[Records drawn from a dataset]
=== Section Start ===
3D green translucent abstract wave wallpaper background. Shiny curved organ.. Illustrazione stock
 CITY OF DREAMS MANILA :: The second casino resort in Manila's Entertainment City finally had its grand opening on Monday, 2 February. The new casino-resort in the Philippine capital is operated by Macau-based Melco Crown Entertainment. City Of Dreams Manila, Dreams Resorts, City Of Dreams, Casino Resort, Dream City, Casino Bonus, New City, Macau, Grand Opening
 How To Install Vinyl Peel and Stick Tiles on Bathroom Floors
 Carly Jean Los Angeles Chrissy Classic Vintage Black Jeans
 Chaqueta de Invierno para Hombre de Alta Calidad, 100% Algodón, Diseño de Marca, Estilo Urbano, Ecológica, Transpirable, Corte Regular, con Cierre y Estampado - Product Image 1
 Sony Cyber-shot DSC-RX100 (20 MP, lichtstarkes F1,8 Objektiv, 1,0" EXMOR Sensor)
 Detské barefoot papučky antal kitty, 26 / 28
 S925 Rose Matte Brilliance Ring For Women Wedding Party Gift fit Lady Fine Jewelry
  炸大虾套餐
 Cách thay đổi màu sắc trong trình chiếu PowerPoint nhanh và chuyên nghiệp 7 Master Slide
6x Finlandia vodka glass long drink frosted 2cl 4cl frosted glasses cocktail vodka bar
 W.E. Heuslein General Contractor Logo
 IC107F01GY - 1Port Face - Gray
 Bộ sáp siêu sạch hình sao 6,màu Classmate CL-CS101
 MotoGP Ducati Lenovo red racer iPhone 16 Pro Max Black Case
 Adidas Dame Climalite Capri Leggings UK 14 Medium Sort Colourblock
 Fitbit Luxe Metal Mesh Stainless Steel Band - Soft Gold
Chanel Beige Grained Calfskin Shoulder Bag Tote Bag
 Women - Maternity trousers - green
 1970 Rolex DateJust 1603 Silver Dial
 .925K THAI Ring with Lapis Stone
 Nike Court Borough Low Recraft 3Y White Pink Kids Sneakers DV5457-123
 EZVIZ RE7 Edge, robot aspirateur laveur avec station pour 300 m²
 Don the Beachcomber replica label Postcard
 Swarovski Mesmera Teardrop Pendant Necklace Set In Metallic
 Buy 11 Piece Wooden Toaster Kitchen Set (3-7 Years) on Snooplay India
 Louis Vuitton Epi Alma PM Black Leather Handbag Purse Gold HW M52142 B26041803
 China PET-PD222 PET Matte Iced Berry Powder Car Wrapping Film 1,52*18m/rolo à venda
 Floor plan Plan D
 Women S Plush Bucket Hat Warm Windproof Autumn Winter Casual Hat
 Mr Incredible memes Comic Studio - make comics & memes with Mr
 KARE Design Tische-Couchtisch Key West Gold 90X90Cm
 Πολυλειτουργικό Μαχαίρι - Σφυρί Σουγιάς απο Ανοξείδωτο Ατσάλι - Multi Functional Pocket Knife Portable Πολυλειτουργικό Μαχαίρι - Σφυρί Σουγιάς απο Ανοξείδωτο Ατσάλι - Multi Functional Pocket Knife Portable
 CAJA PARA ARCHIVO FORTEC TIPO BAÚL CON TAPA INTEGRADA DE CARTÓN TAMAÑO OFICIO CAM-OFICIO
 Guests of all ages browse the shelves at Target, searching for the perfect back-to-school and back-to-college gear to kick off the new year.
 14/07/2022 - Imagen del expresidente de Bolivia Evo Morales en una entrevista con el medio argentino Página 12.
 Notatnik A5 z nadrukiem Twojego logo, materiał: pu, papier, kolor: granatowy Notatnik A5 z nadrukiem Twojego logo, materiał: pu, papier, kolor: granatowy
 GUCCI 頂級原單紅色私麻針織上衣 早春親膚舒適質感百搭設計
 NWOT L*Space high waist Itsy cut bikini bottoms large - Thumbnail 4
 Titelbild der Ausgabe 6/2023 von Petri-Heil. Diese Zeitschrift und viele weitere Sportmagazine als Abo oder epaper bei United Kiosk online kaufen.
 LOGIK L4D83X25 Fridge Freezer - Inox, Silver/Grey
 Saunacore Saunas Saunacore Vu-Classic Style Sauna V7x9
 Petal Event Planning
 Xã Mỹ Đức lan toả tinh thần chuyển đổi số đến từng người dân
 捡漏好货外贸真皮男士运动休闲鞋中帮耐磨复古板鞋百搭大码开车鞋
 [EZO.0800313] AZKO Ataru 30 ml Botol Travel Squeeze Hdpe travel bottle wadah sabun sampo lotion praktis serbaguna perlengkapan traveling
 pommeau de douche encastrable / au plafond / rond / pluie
=== Section End ===
= Task prompt =
Select every line in the records above that contains the word "Classic".

= Output =
 Carly Jean Los Angeles Chrissy Classic Vintage Black Jeans
 Saunacore Saunas Saunacore Vu-Classic Style Sauna V7x9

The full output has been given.